* _Problem requirements_
Take the entries below and retype them word for word, excluding the images.

(Stored records)
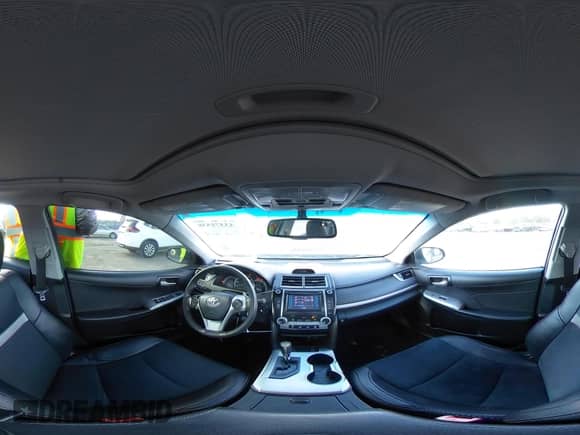 2013 Toyota Camry L with VIN 4T1BF1FK8DU654194, listed as a IAAI auction lot 43371538 with 109,934 mi miles and . Bid and sale history available at DreamBid. Image 18.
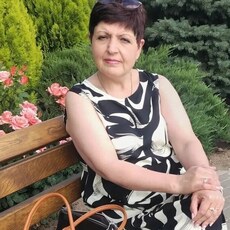 Фотография девушки Наталья, 52 года из г. Одинцово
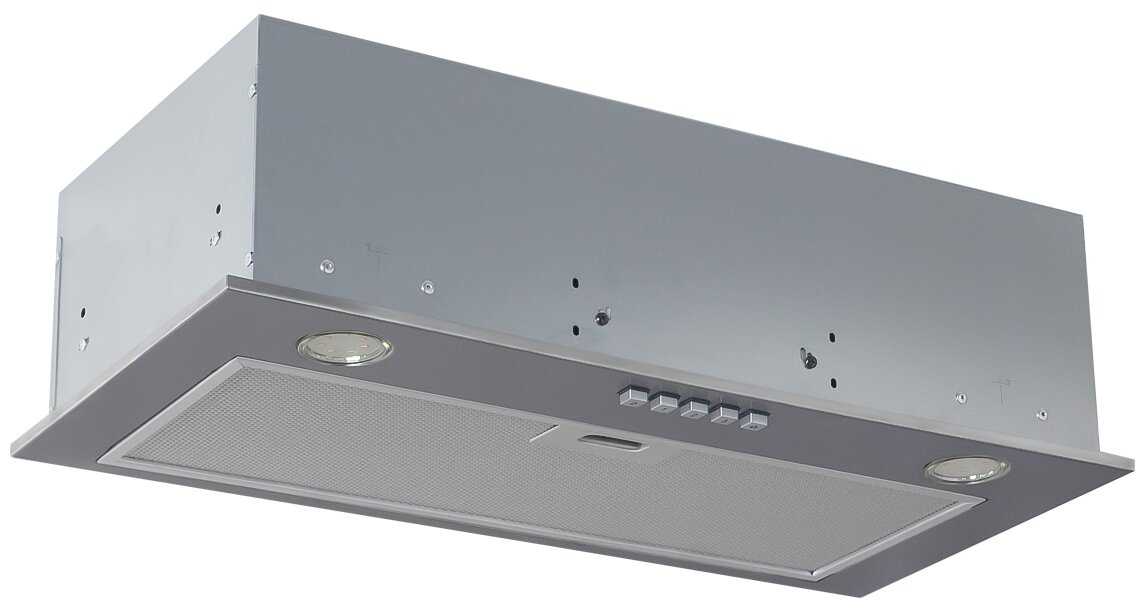 MBS MONSTERA 160 INOX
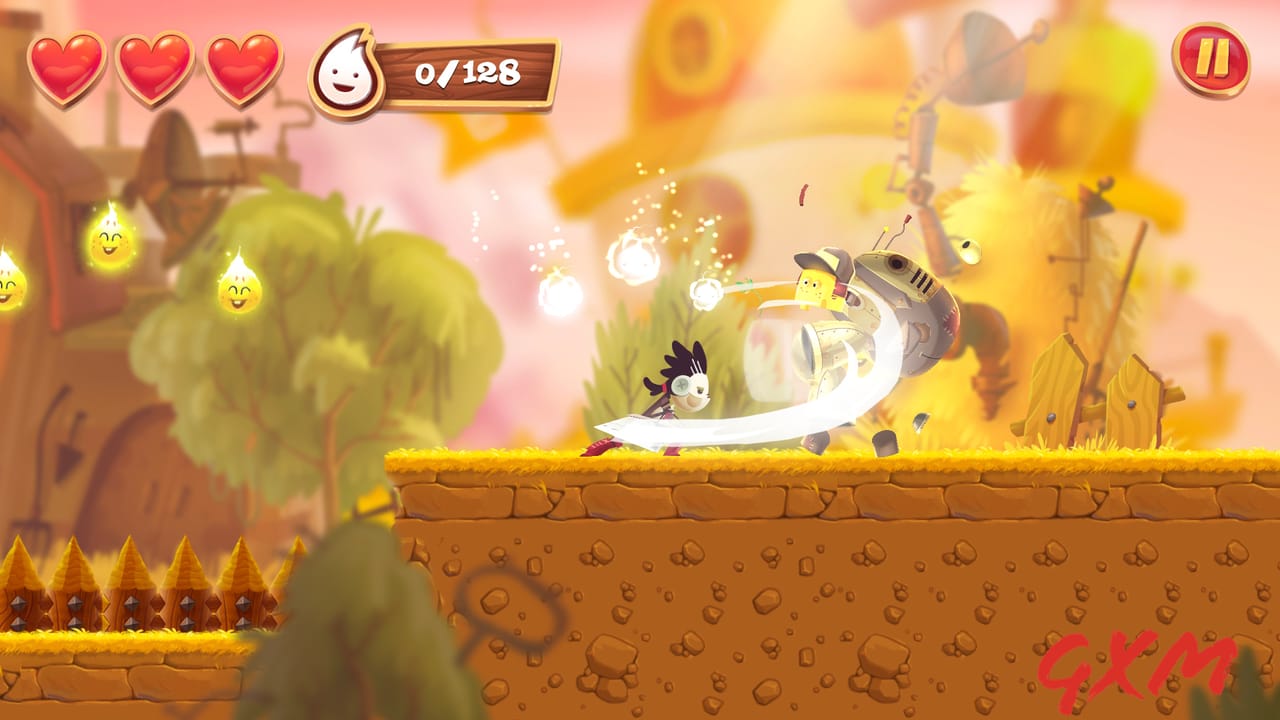 Screenshot 5 of Spirit Roots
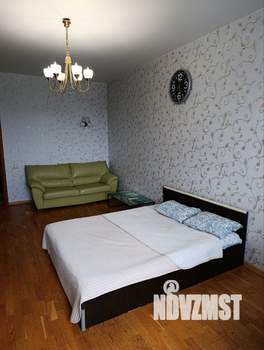 2-к квартира, посуточно, 85м2, 6/7 этаж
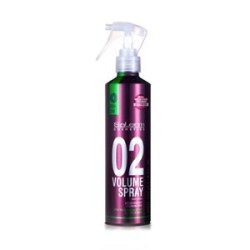 Spray de volumen pro line 250 ml - SALERM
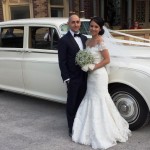 1960 Phantom v Rolls Royce Debbie Ben CCL 27 March 15 D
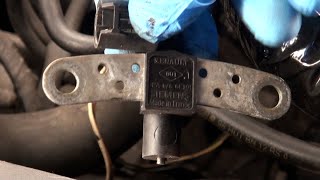 Download lagu Comment changer le capteur PMH d'une Renault Twingo mp3 Download lagu Comment changer le capteur PMH d'une Renault Twingo mp3
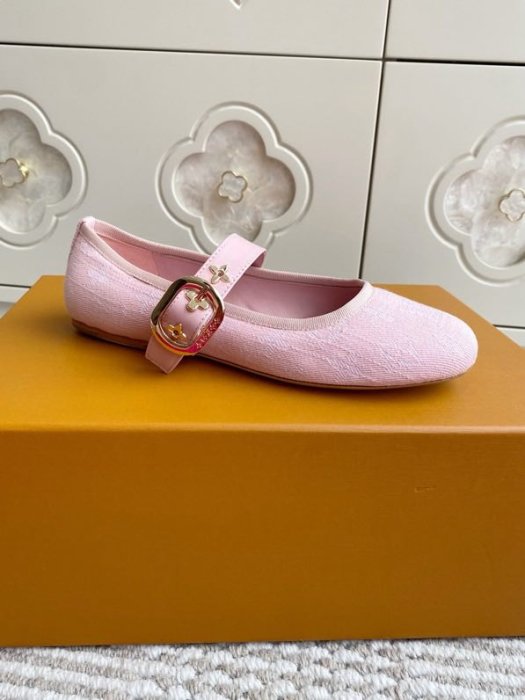 Ballet shoes фото 2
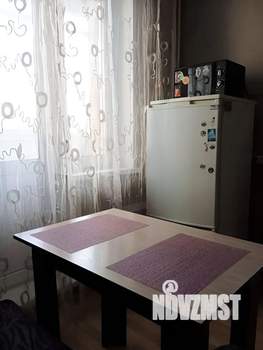 1-к квартира, посуточно, 42м2, 5/16 этаж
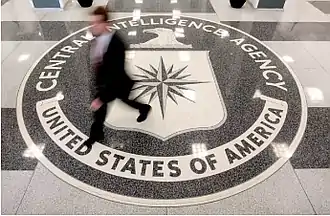 cia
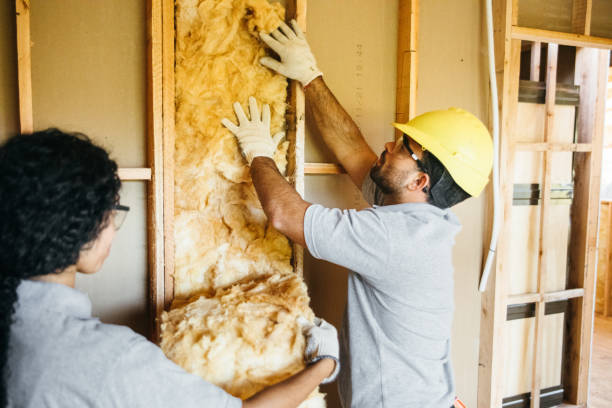 Attic Insulation Near Me in Greenwood, SC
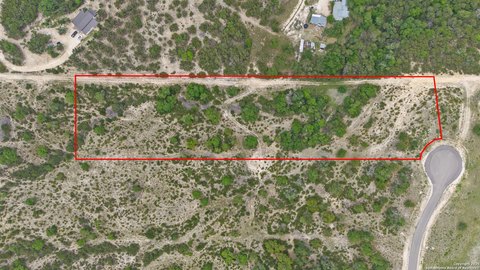 Land, Pipe Creek, TX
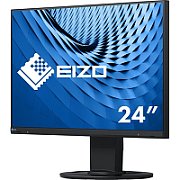 EIZO FlexScan EV2460-BK LED display 60,5 cm (23.8 ) 1920 x 1080 Pixel Full HD Negru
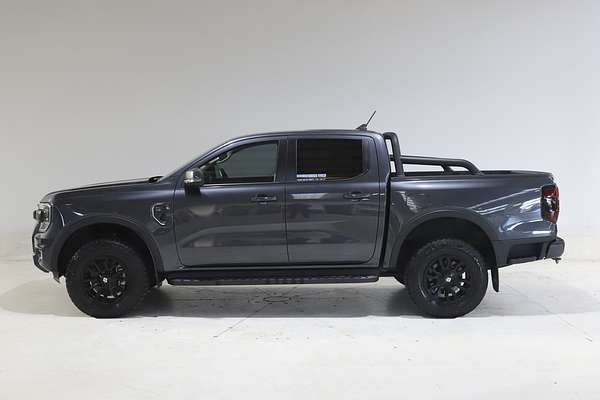 2022 Ford Ranger XLT 4X4 3.0L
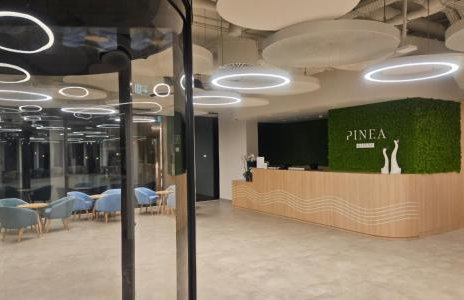 Luxar Apartments Pinea Resort - with sea view - Foto 38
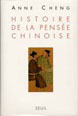 Histoire de la pensée chinoise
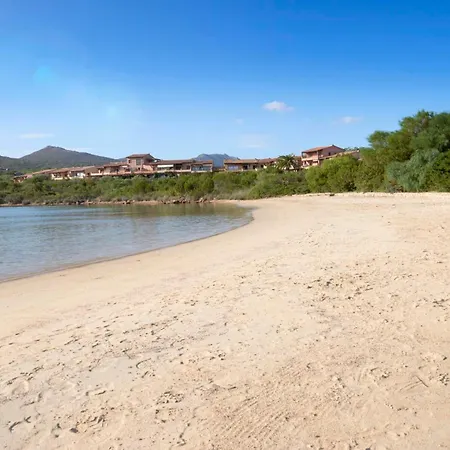 Apartment Sul Mare *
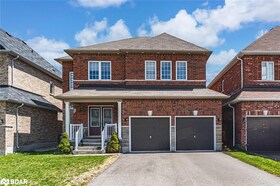 3 Cypress Point Street, Simcoe, ON , MLS #40744680 , Image - 1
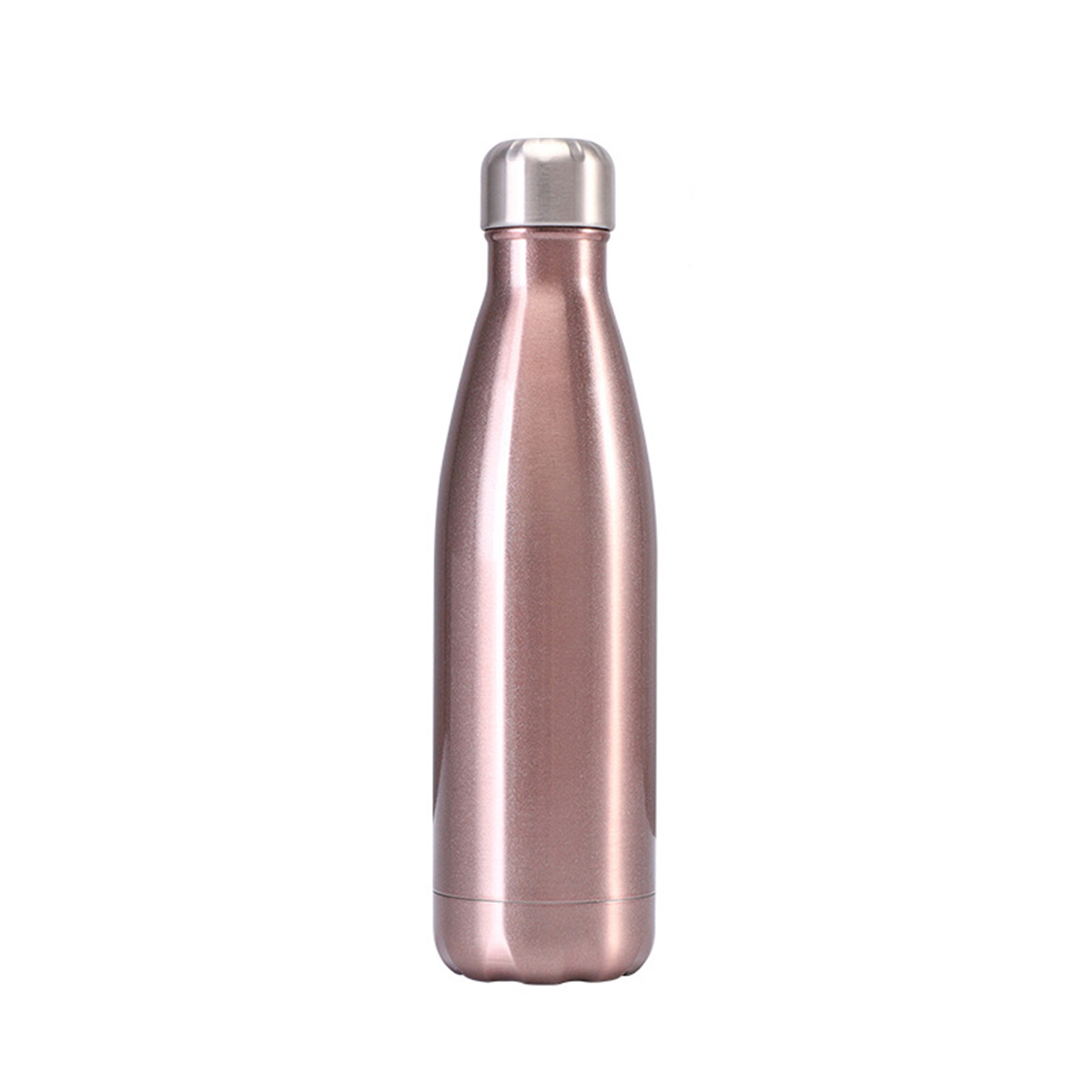 17 oz 24 Hours Stainless Steel Vacuum Insulated Bottle 15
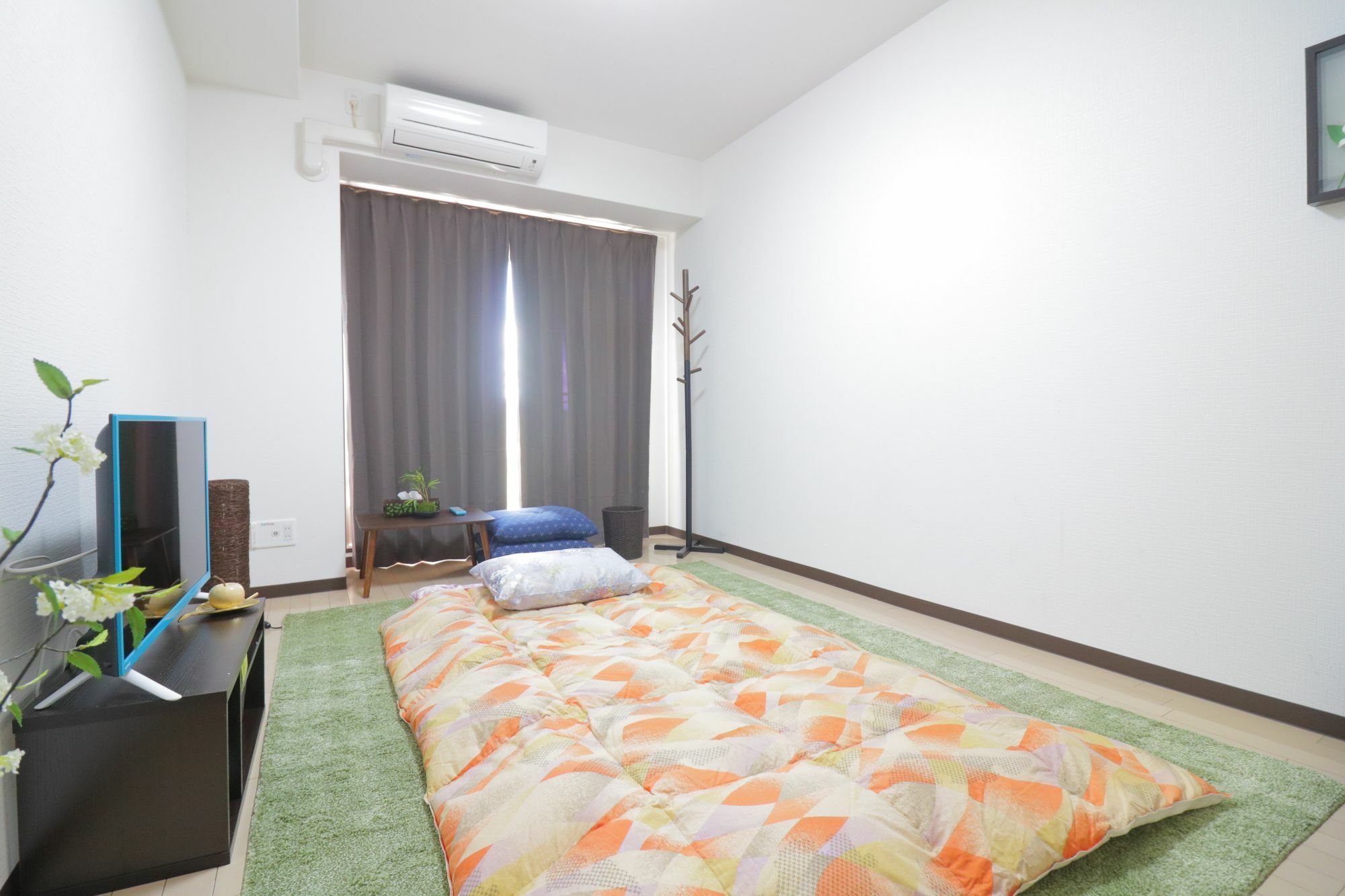 Hg Cozy Hotel No 38 通天閣前 Ōsaka Exterior foto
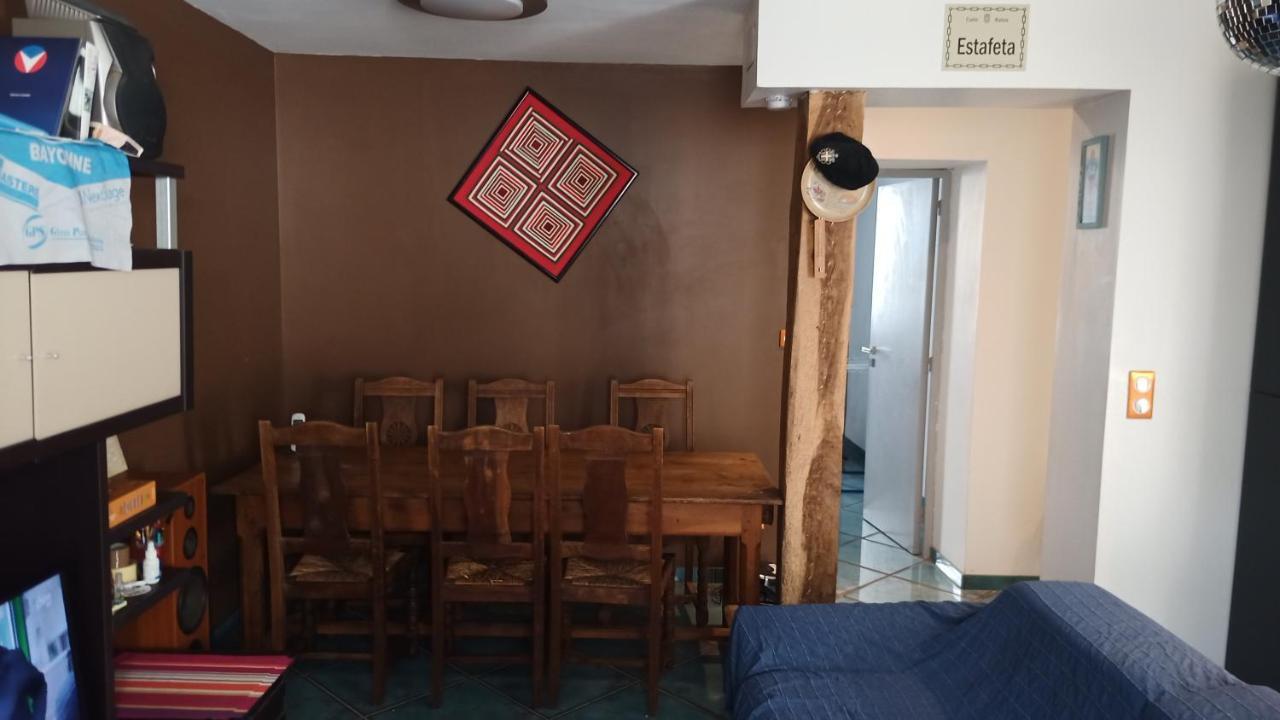 באיון Appartement 2 Chambres מראה חיצוני תמונה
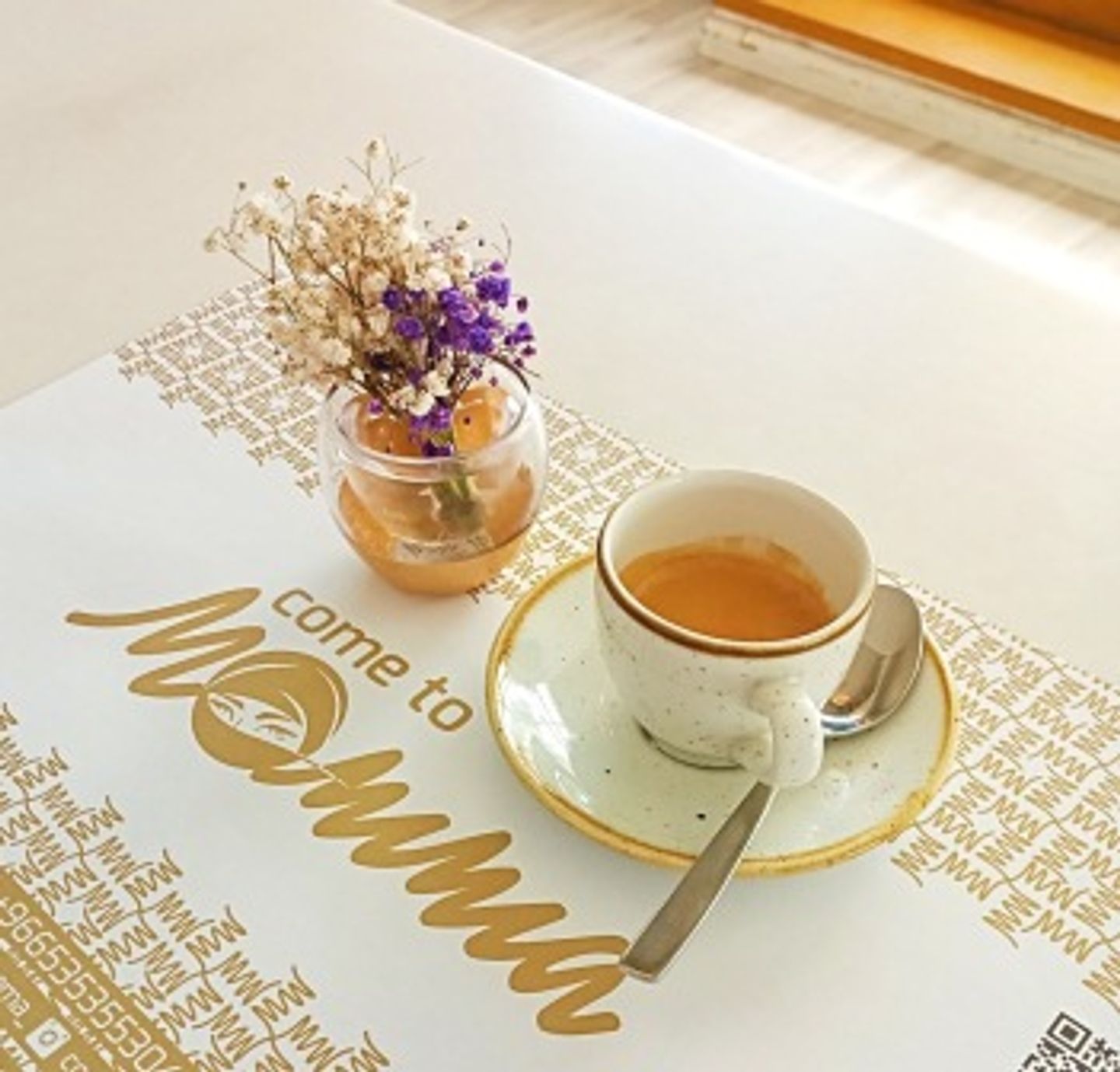 Espresso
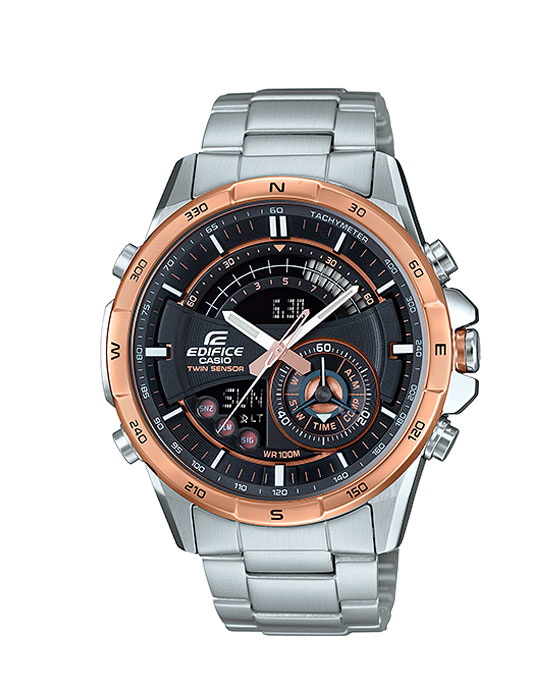 Часы Casio Edifice ERA-200DB-1A9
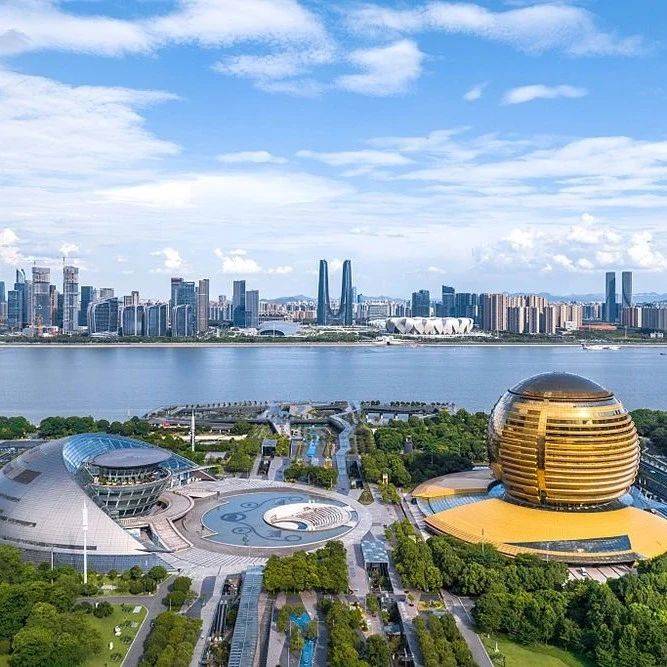 都是“东部重要中心城市”,杭州、南京有何不同_协同发展_国务院_国土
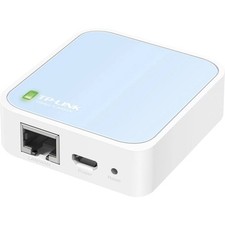 TP-LINK TL-WR802N WLAN Router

* _Answer_
 2013 Toyota Camry L with VIN 4T1BF1FK8DU654194, listed as a IAAI auction lot 43371538 with 109,934 mi miles and . Bid and sale history available at DreamBid. Image 18.
 Фотография девушки Наталья, 52 года из г. Одинцово
 MBS MONSTERA 160 INOX
 Screenshot 5 of Spirit Roots
 2-к квартира, посуточно, 85м2, 6/7 этаж
 Spray de volumen pro line 250 ml - SALERM
 1960 Phantom v Rolls Royce Debbie Ben CCL 27 March 15 D
 Download lagu Comment changer le capteur PMH d'une Renault Twingo mp3 Download lagu Comment changer le capteur PMH d'une Renault Twingo mp3
 Ballet shoes фото 2
 1-к квартира, посуточно, 42м2, 5/16 этаж
 cia
 Attic Insulation Near Me in Greenwood, SC
 Land, Pipe Creek, TX
 EIZO FlexScan EV2460-BK LED display 60,5 cm (23.8 ) 1920 x 1080 Pixel Full HD Negru
 2022 Ford Ranger XLT 4X4 3.0L
 Luxar Apartments Pinea Resort - with sea view - Foto 38
 Histoire de la pensée chinoise
 Apartment Sul Mare *
 3 Cypress Point Street, Simcoe, ON , MLS #40744680 , Image - 1
 17 oz 24 Hours Stainless Steel Vacuum Insulated Bottle 15
 Hg Cozy Hotel No 38 通天閣前 Ōsaka Exterior foto
 באיון Appartement 2 Chambres מראה חיצוני תמונה
 Espresso
 Часы Casio Edifice ERA-200DB-1A9
 都是“东部重要中心城市”,杭州、南京有何不同_协同发展_国务院_国土
 TP-LINK TL-WR802N WLAN Router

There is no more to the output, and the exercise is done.